Jaime Alves Moreira
O chinelo de dedo ficou para trás quando Jaime precisou correr para alcançar o pau-de-arara em algum momento da longa travessia entre Exu, interior de Pernambuco, e São Paulo. Quase também ele ficara pelo caminho, os pertences já reduzidos à roupa do corpo e nada mais. No futuro lembraria dessa cena, uma das suas muitas histórias, repetida para os filhos e netos que teria na cidade grande.
Naquele momento, aos 17, deixava para trás a vida por vezes massacrante do sertão. Dos 17 irmãos, apenas 11 sobreviveram. Aos 12 anos Jaime viu o cavalo do pai voltar para casa carregando o corpo dele - passara mal e infartou enquanto trabalhava sob o forte sol.
São Paulo também não foi exatamente fácil para Jaime, mas a vida melhorou na esteira do trabalho incessante e da insistência. Na visita ao irmão em Mariápolis, então um distrito de Adamantina, no interior do Estado, conheceu Maria. O pai dela era contra o relacionamento, temeroso da falta que a menina faria em casa caso fosse para São Paulo.
Foi justamente o que ocorreu quando Jaime abriu uma borracharia em Guarulhos em um posto de gasolina às margens da Dutra. Foram cerca de 50 anos à frente daquele negócio e 61 ao lado de Maria.

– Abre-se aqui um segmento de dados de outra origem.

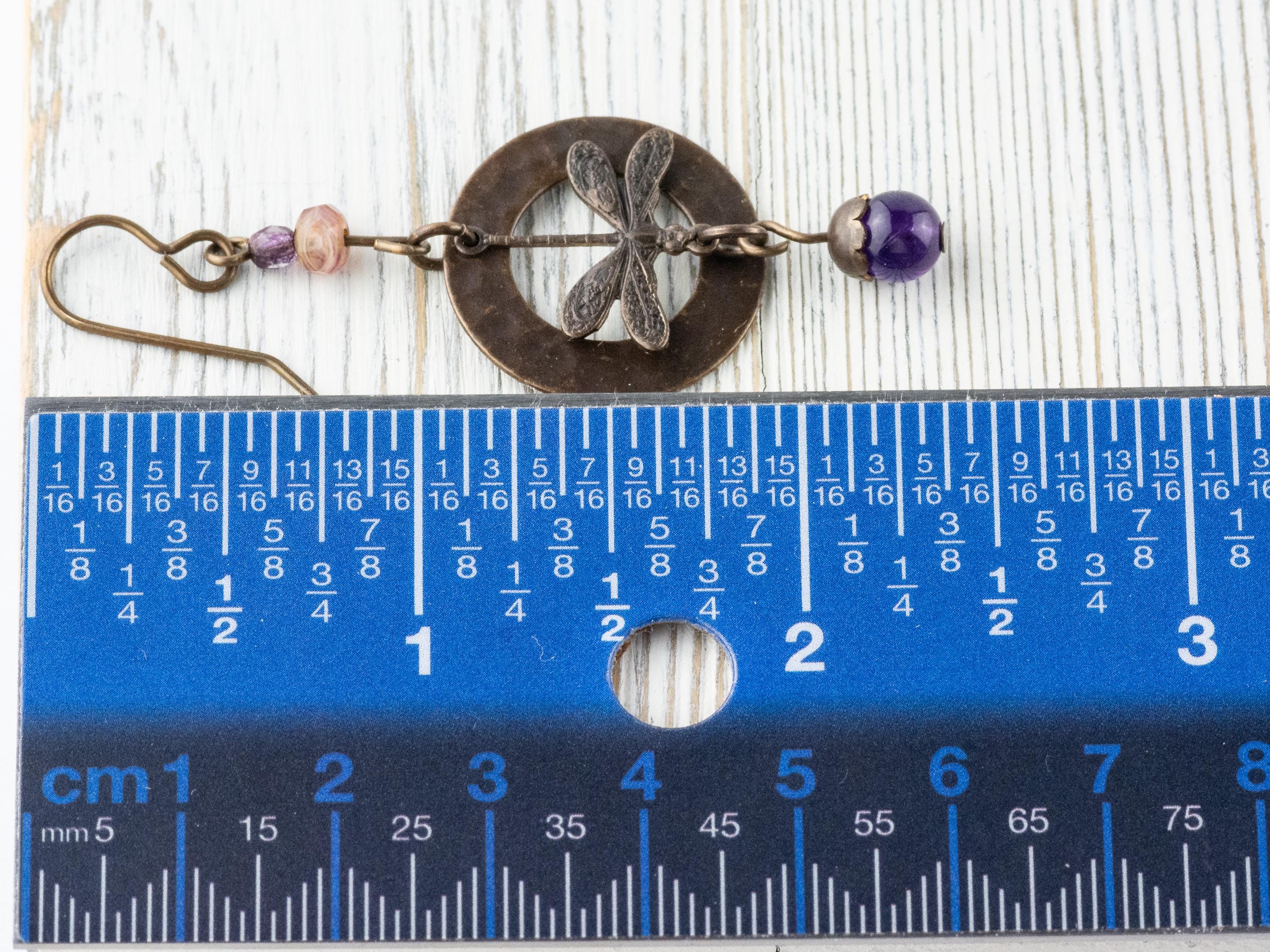 Dragonfly Amethyst Brass Earrings • Earthy Purple Boho Jewelry • Nature-Inspired Handmade Earrings • Jewelry Gift • Nickel-free • Lead-free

A parceria dos dois foi além das filhas Maria Vilma e Ana Marcia, organizada e boa administradora, Maria chegou até a salvar as finanças da borracharia em determinado momento.
Se não tinha muito jeito com a parte burocrática do negócio, Jaime trabalhou como poucos, de domingo a domingo e sem férias. A família chegou a achar que não daria conta do serviço pesado, mas essa era a sua maneira de existir. Efeito colateral dessa dedicação, foi ausente em casa naqueles tempos, mas tornou-se outro pai depois da aposentadoria. Teve a sorte de poder curtir o lar e os netos, Victor e Arthur, e de viver um processo de abertura cada vez maior com a chegada da velhice.
Antes já aprendera a tocar violão sozinho e era apaixonado pelas canções de Luiz Gonzaga. Nos seus poucos domingos de folga a família se reunia ao redor de uma pequena vitrola para ouvir os discos do Rei do Baião.
O futebol era outra paixão, especialmente o Santos. Mas gostava de falar curiosidades sobre os jogadores, sabia até onde nasceram. E lia o jornal da primeira até a última linha todos os dias, a assinatura fora um presente do genro Ismael, para ele o filho que não teve. Apesar do pouco estudo adorava escrever bilhetinhos para as pessoas, e recentemente a família encontrou algumas dessas notinhas endereçadas aos netos, seu xodó.
Jaime partiu por complicações da demência e de um AVC, mas antes da despedida soube encontrar o amor. E ser feliz.